В «сочувствии», которое ощущает Луиза Вайс, отражается неоднозначность мирного исхода: неприкрытая политика преследования собственных интересов со стороны победителей; шок проигравших, которым только сейчас суждено по-настоящему понять, что поражение будет иметь для них необратимые последствия; обманутые надежды всех тех государств, которые поверили в «право на самоопределение» по Вильсону. Разве не были в таком случае и победители в каком-то смысле проигравшими, даже те, кто получит репарации и сможет закрепить свои позиции мировой державы? И те и другие не сочли возможным отнестись друг к другу после завершения боевых действий в новом конструктивном духе равенства. Мечта о более справедливом и более мирном мировом порядке была принесена в жертву на алтарь государственных интересов. Сильных механизмов защиты мира не было выработано и после Версальского договора, зато остались тлеющие конфликты, из которых в будущем разгорится пламя новой войны.

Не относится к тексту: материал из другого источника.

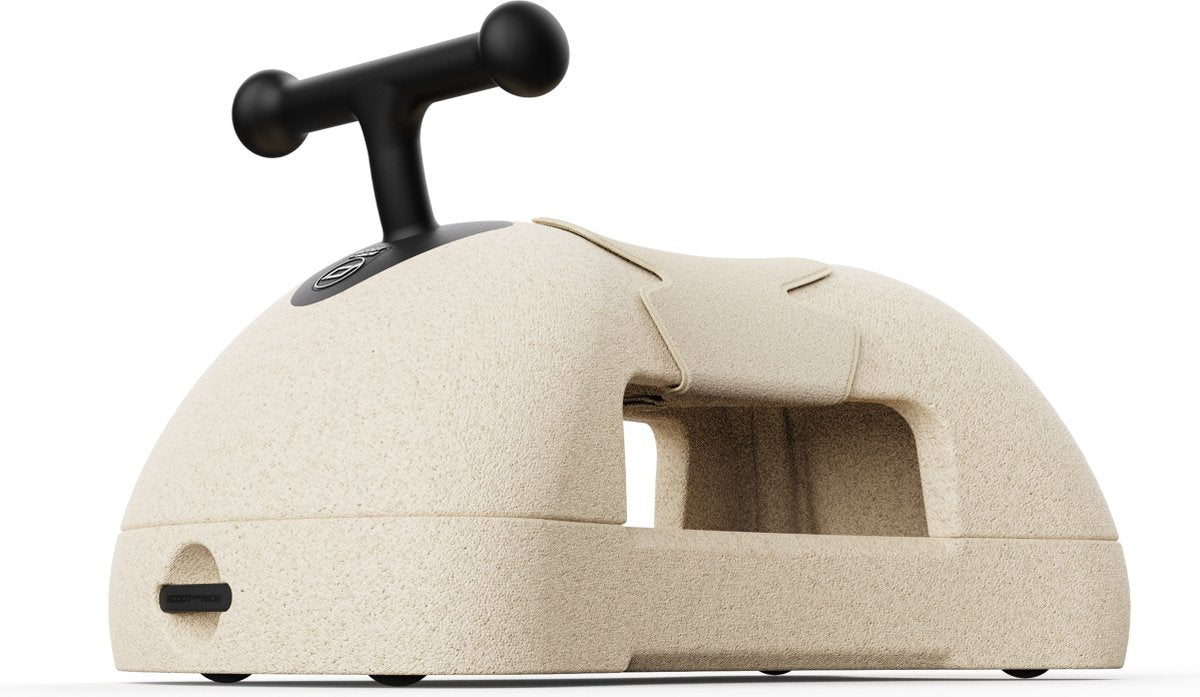 Scoot and Ride My First Rose 3-in-1 Loopwagen - sand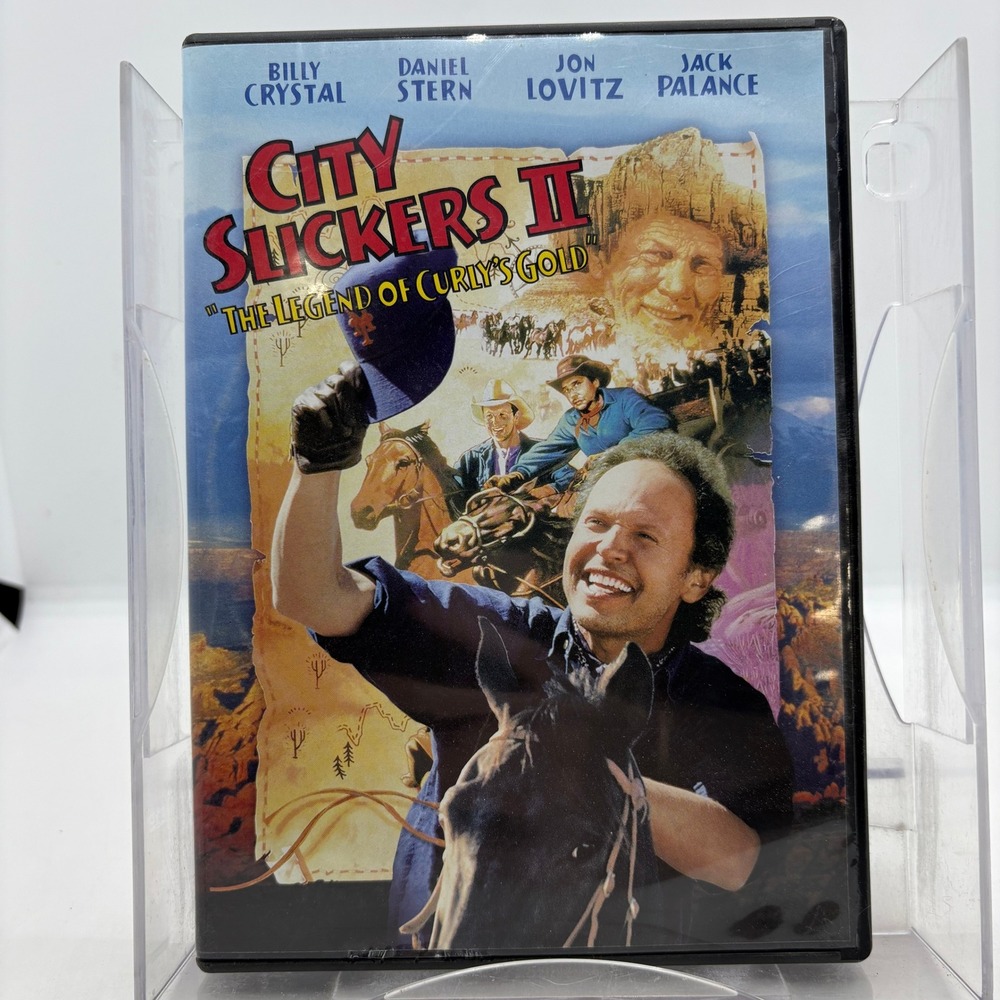 City Slickers II The Legend of Curlys Gold DVD 2003 Billy Crystal Daniel Stern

Вирджиния Вулф с восторгом наблюдает, как на прилавки в первые же месяцы после заключения перемирия возвращаются товары, исчезнувшие ближе к концу войны: глазированные пироги, булочки с изюмом и горы сластей. Ассортимент по сравнению с довоенным пока еще скудноват. Послужит ли мирный договор верным признаком возвращения к нормальной жизни? Вулф упоминает версальские события в своем дневнике только вскользь, походя и с некоторым опозданием. Празднование окончания войны тоже мало вдохновляет писательницу; она сомневается в том, что «стоит ради этого так стараться». Праздничное шествие в своем родном городке Ричмонде, происходящее под проливным дождем, Вирджиния Вулф наблюдает из окна. Она чувствует себя «покинутой, пыльной и утратившей иллюзии». Только после обеда она собирается с силами, чтобы высунуть нос на улицу. Дождь тем временем прекращается. В ресторанчике на углу пьяные поющие пары кружатся в танце. С холма Вирджиния и Леонард Вулфы наблюдают фейерверк или, точнее говоря, то, что дождевая сырость от него оставила. «Красные и зеленые и желтые и голубые шары медленно поднимаются в воздух, лопаются, расцветают в ореоле огней, которые крошечными точками опускаются вниз и гаснут. Красивое зрелище, когда они вот так поднимаются над Темзой, среди деревьев».